WASHINGTON -- Legislation was introduced in the Senate this week that would give investors five years to file a securities fraud case rather than the three-year limit imposed by the Supreme Court last month.

The Securities Investor Protection Act would give an investor two years after he or she knew or should have known about a securities violation to file a fraud suit, but no later than five years from the date of violation.

The legislation was introduced Tuesday by Sen. Richard Bryan, D-Nev., a member of the Senate Banking Committee, and co-sponsored by the panel's chairman, Donald Riegle, D-Mich., and five other committee members.

The bill would blunt the high court's ruling June 20 in Lampi v. Gilbertson, in which it said that any litigation brought by a private investor under the antifraud provisions of the Securities and Exchange Act of 1934 must be initiated within one year of the discovery of the violation and no more than three years after the violation has occurred.

Lawyers and advocacy groups representing municipal bond investors objected that their constituents would be among the heaviest hit by the decision. They said that many tax-exempt deals are structured so that investors may not detect problems with their bonds until three years after their purchase.

But representatives of securities dealers yesterday denounced the Bryan bill.

"You are dealing with a very volatile stock market," warned William Fitzpatrick, senior vice president and general counsel of the Securities Industry Association. "To allow somebody who knew they had been defrauded to sit and play the markets for two years waiting for a more advantageous or appropriate time is just not realistic." He called the two-year post-discovery provision "uncnscionable."

Asked about the impact of the ruling on the municipal market, Mr. Fitzpatrick conceded that there are "differences in markets." But he said the "principle" is still the same. "You can't have people at risk forever. You need certainty to conduct a business," he said.

Sen. Riegle, however, warned in a statement Tuesday that the "key to the strength and liquidity of the securities markets is the individual investor.
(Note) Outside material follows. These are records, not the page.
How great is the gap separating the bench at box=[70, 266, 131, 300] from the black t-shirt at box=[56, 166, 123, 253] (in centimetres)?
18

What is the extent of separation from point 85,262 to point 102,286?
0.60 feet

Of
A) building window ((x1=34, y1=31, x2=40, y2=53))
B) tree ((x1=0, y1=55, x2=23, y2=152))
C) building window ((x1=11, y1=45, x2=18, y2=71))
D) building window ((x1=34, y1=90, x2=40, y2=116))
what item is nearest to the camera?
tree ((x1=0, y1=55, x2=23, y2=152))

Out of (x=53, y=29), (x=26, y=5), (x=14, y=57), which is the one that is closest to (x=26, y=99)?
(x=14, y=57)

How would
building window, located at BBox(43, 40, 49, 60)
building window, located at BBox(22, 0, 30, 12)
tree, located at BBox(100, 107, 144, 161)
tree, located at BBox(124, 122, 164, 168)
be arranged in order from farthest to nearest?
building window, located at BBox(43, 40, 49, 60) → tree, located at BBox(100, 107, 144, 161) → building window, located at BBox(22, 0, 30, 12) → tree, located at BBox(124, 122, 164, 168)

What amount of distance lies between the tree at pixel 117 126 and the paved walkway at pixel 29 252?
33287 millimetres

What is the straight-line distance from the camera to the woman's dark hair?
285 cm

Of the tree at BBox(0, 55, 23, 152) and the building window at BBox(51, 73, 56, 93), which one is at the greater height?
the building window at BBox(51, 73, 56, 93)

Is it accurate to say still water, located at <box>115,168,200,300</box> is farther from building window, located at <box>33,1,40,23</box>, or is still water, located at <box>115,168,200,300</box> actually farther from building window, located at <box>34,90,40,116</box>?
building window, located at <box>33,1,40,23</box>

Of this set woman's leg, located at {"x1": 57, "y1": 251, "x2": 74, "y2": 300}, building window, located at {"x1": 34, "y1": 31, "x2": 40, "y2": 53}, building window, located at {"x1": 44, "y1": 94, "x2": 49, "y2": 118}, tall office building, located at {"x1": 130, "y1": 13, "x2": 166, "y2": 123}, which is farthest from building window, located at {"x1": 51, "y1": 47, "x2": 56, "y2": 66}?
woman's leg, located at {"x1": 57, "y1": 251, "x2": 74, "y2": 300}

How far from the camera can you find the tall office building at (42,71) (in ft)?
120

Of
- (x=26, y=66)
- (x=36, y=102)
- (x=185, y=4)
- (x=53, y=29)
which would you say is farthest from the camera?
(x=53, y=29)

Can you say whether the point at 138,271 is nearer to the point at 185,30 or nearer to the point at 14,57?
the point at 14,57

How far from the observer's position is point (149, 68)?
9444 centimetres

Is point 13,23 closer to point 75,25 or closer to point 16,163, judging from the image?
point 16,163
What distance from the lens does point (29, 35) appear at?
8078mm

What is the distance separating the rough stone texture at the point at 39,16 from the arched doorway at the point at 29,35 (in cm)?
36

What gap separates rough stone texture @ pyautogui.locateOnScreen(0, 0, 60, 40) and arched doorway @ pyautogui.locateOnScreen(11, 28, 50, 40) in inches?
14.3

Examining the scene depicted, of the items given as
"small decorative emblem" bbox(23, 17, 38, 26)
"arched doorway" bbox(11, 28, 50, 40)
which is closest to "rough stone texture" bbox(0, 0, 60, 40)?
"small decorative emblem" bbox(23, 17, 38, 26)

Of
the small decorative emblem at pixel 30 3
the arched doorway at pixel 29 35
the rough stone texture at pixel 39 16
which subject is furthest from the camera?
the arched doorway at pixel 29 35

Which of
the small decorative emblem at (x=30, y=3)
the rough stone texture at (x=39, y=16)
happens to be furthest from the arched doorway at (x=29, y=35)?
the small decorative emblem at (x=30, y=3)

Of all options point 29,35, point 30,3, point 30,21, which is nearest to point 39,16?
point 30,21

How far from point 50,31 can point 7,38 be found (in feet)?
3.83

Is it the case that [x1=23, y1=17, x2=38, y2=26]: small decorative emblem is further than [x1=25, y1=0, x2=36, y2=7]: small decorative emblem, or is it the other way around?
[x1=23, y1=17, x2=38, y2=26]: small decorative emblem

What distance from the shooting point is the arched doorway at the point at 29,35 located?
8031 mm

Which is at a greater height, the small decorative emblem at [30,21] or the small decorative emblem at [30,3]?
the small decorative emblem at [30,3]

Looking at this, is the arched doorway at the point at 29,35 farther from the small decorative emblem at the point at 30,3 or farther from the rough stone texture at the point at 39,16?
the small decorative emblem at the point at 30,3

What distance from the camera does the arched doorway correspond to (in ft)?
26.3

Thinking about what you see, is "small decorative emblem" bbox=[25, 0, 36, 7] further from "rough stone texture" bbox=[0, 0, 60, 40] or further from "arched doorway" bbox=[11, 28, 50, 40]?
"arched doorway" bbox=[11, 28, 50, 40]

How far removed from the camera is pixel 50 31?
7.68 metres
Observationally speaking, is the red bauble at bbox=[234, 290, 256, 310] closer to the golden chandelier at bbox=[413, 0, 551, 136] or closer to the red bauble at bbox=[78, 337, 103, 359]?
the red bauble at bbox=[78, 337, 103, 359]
In order to attract participation by individual investors, we must ensure that the securities markets are accessible and fair.
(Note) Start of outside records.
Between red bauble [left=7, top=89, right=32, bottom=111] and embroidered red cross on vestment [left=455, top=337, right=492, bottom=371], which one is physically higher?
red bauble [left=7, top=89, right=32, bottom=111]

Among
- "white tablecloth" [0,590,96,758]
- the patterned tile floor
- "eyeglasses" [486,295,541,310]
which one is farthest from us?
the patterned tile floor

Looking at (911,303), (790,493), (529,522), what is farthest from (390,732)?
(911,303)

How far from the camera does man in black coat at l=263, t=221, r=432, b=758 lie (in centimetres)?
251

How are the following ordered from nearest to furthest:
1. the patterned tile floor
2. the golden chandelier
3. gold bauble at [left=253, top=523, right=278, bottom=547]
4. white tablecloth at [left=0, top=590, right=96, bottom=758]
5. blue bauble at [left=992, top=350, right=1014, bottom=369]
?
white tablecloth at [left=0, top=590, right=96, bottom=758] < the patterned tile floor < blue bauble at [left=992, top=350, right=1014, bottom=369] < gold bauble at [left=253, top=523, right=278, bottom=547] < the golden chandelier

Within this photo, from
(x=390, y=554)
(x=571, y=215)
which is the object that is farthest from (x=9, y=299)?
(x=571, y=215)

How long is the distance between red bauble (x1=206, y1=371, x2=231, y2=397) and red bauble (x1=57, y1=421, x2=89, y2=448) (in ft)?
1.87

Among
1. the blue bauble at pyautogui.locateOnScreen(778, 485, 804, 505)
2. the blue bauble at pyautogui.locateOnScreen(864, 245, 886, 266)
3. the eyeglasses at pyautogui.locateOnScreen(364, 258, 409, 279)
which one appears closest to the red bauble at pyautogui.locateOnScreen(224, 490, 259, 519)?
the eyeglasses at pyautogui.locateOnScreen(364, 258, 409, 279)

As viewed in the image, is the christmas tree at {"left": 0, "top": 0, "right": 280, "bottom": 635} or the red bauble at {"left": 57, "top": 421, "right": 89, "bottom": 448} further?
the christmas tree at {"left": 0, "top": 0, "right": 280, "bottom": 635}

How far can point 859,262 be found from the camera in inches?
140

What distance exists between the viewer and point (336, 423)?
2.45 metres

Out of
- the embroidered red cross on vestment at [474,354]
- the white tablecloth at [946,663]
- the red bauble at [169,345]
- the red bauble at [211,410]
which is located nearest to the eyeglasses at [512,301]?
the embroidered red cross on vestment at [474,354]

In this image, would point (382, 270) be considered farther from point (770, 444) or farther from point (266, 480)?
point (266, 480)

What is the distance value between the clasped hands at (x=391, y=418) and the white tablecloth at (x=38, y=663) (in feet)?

"Regrettably," the senator continued, "on occasion there will be violations of the securities laws. This bill will protect individual investors by providing them with sufficient time to put a case together to fight any violations of the securities laws.
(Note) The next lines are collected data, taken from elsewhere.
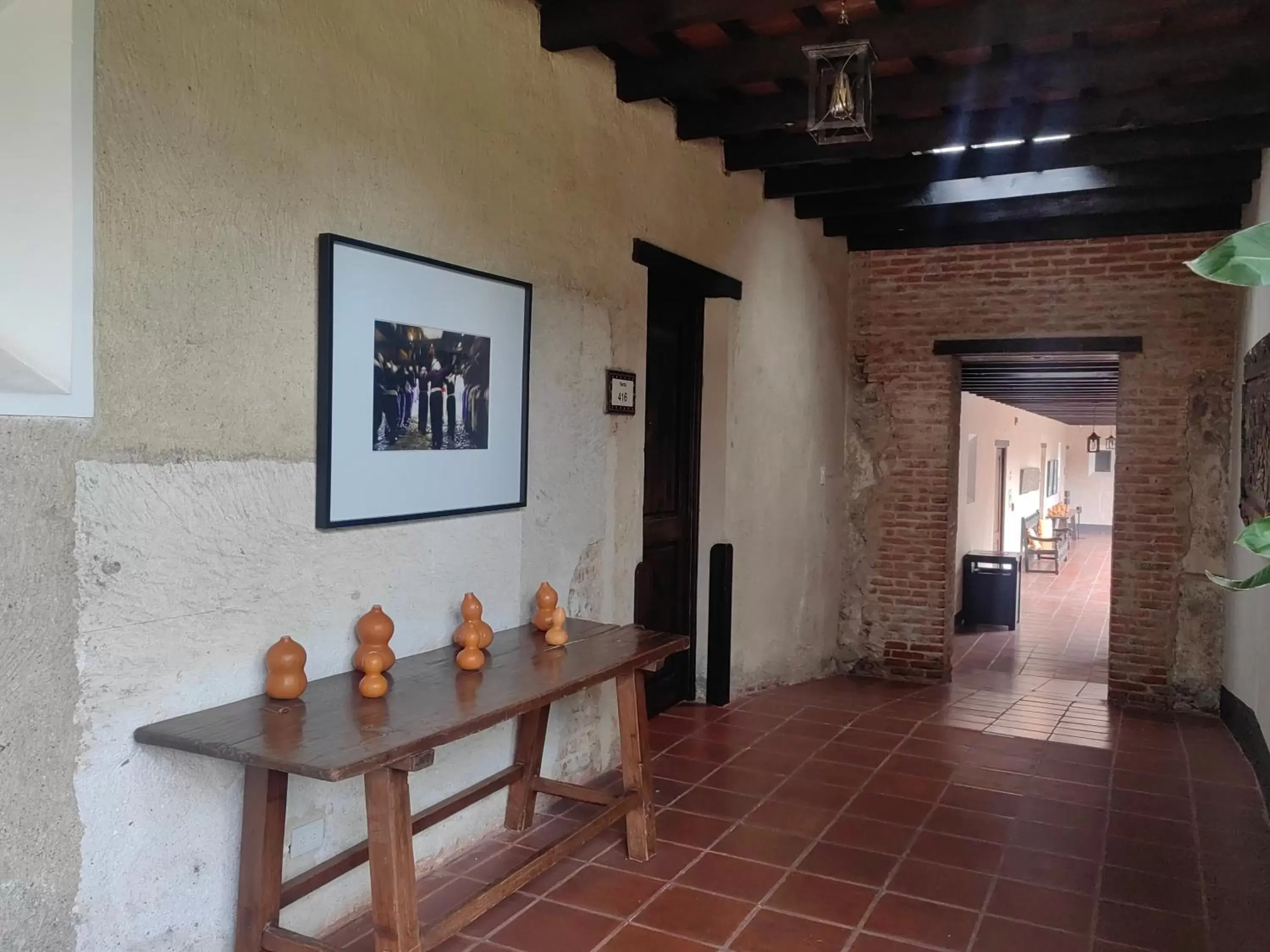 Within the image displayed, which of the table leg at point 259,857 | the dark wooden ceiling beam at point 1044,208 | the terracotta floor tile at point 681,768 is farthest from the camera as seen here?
the dark wooden ceiling beam at point 1044,208

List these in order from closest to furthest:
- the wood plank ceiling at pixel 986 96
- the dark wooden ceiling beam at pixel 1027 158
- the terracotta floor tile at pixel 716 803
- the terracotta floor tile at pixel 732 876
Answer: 1. the terracotta floor tile at pixel 732 876
2. the wood plank ceiling at pixel 986 96
3. the terracotta floor tile at pixel 716 803
4. the dark wooden ceiling beam at pixel 1027 158

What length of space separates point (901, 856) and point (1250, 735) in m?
2.51

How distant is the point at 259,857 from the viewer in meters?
2.37

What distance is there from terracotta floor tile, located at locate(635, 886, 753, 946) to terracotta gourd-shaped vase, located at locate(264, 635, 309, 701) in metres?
1.30

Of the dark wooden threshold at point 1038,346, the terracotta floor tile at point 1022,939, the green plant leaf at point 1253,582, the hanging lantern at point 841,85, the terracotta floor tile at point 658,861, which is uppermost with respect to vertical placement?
the hanging lantern at point 841,85

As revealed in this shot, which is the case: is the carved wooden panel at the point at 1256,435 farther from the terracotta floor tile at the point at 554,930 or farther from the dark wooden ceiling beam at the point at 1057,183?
the terracotta floor tile at the point at 554,930

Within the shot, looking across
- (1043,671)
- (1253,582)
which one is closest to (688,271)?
(1253,582)

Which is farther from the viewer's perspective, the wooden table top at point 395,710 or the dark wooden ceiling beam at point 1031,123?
the dark wooden ceiling beam at point 1031,123

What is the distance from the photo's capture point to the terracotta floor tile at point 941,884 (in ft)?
10.5

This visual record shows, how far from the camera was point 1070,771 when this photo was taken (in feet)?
14.9

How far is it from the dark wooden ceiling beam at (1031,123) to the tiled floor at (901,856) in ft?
9.56

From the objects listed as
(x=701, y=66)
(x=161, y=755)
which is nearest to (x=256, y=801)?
(x=161, y=755)

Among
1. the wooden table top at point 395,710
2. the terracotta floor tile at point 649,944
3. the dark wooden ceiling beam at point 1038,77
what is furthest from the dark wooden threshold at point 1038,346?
the terracotta floor tile at point 649,944

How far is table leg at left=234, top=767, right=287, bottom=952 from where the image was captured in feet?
7.74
Sen. Bryan said in a statement Tuesday that the bill strikes a proper balance between the needs of investors and the securities industry. He added that "without question" some of the greatest victims of the Lampf decision will be municipal bond investors.

"Often perpetrators of securities fraud can go undetected for years," the senator said, "and will not be exposed until their fraudulent investment schemes ultimately collapse. Even then, putting the pieces of these complicated scams together to form the basis for a lawsuit can take an enormous amount of time."

A key provision of the Bryan bill would protect pending cases from dismissal as a result of the Supreme Court's shortening of the statute of limitations.

In addition, lawyers for the investors that brought the Lampf case filed a motion July 15 asking the Supreme Court not to apply the decision retroactively. They argued that in the past when the high court has applied a decision retroactively, it has provided a written analysis of its decision. But in the Lampf case it did not, they said.

Franklin Gordon Allen 2d, one of the investors' lawyers, conceded that chances are slim that the high court will hear the retroactivity issue. "But the stakes are so high, if there is a small chance" that the Supreme Court will rehear the issue, them investors should pursue it, said Mr. Allen, a partner with Allen, Kilmer, Schrader, Yazbeck & Chenoweth in Portland.

The Supreme Court decision has had an immediate impact on pending fraud cases brought by municipal bond investors. For instance, lawyers for bondholders who bought Washington Public Power Supply System units 4 and 5 bonds before June 15, 1983, expressed concern earlier this week that the ruling could harm bondholders' claims if out of court settlements now being challenged in appeals courts are overturned.

And on July 11 lawyers for investors suing nursing home operator First Humanics Corp. filed a position paper with the U.S. District Court for the Southern District of Ohio Western Division urging the court not to apply the decision retroactively to their case.

The impact of the Supreme Court decision on the municipal bond market is "enormous," said John Cuneo, general counsel for the National Association of Securities and Commercial Law Attorneys, who are pushing the Bryan legislation. "We've made a number of members of Congress aware of the unfairness of the decision. It is particularly significant for bondholders because municipal bonds are exempt from the requirements of the Securities Act of 1933," which requires extensive disclosure about securities issues.